The foundation is specific about working in a bi-partisan way — something foreign to Fox News and some of News Corp’s newspapers, both in Australia and overseas. It’s funded a program to provide scientific expertise and context to journalists, as well as other environmental causes and anti-hate group the Anti Defamation League.
This year, the foundation announced it would focus “significant resources” on finding and implementing solutions to problems in the democratic process including structural changes and voter participation. As well as being president of Quadrivium, Kathryn is a director at progressive organisations including Unite America (a nonpartisan group working to help “common sense candidates” be elected), and a trustee for the Environmental Defense Fund.
A Financial Times report last week revealed that James was looking to invest in media companies outside News Corp, including the option of a “liberal news site”. Sources told the newspaper that James “wanted to distance himself from the conservative media outlets controlled for decades by his father but had yet to decide how exactly he would invest in the news media”. James’ disdain for some of the Fox News agendas has been clear for some time, having reportedly told friends he’s embarrassed by some of the content the network produces.
Last year, Kathryn again raised some eyebrows by tweeting support for De Correspondent’s fundraising drive for an international edition — something the publication called “unbreaking news” in opposition to how “news as we know it leaves us cynical, divided and less informed”. She has also used her Twitter profile to support Fox News critics. In September, she retweeted (and commented with a “Well said”) a Washington Post article heavily criticising Fox News host Tucker Carlson who’d railed against diversity in one of his programs.

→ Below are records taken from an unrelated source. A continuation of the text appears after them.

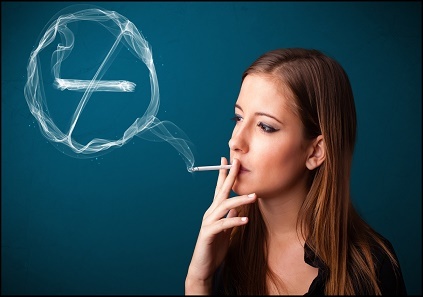 ترک عادت؛ ۱۰ راهکار موثر در ترک عادات بد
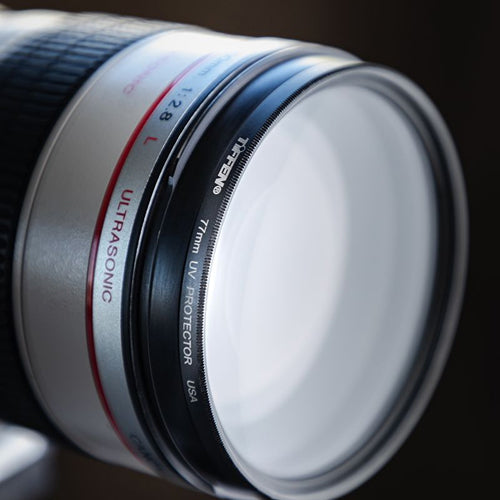uv filters
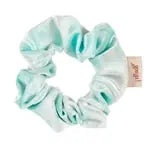 Haargummi Lotte mint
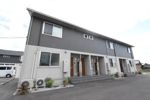 サンシャイン前田 B棟の間取り画像
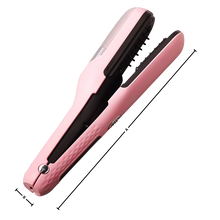 Carica l'immagine nel visualizzatore di Gallery, Rifinitore Punte Perfette - Ozerty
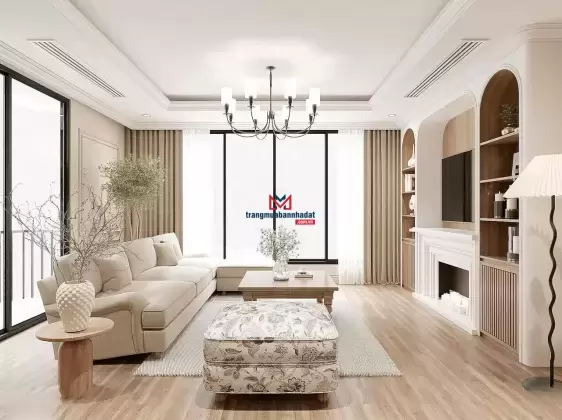 Quỹ căn bán chuyển nhượng giá tốt nhất Times city- Park Hill-Premium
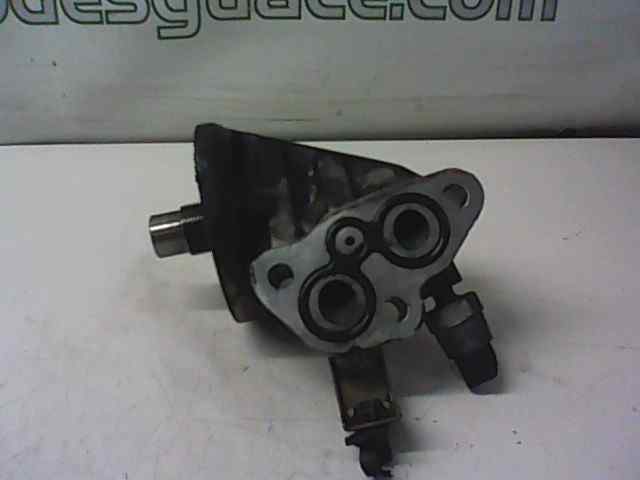SOPORTE FILTRO ACEITE TOYOTA COROLLA (E11) *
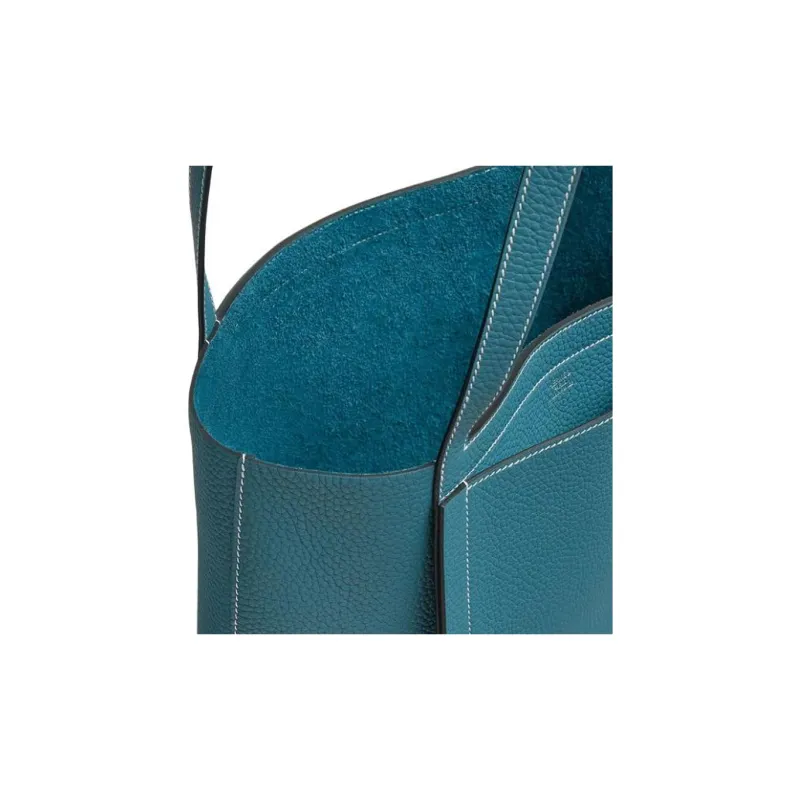 HERMES Cabasellier Handbags-4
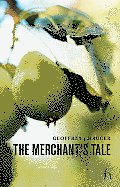 Merchants Tale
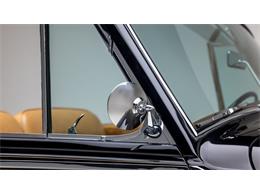 1961 Rolls-Royce Silver Cloud (CC-2092657) for sale in Carmel, California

One of Quadrivium’s focuses is climate change, which reflects Kathryn’s background and experience in the area. She’s worked with the Clinton Climate Initiative and much of her work (and Twitter content) relates to climate, ocean science and science education, and always from the progressive/believing-in-science perspective — in direct opposition to where Fox News and many of News Corp’s publications come from.
Kathryn also has a longstanding relationship with the Clinton family. She worked for the Clinton Climate Initiative for five years, and reportedly was trying to set up a meeting between the Murdochs and Democratic candidate Hillary Clinton ahead of the 2016 election to garner support for her from News Corp, over Trump. The company’s outlets hadn’t supported Trump in the primaries, but Fox, in particular, turned to fiercely cheer for him after he won the Republican nomination.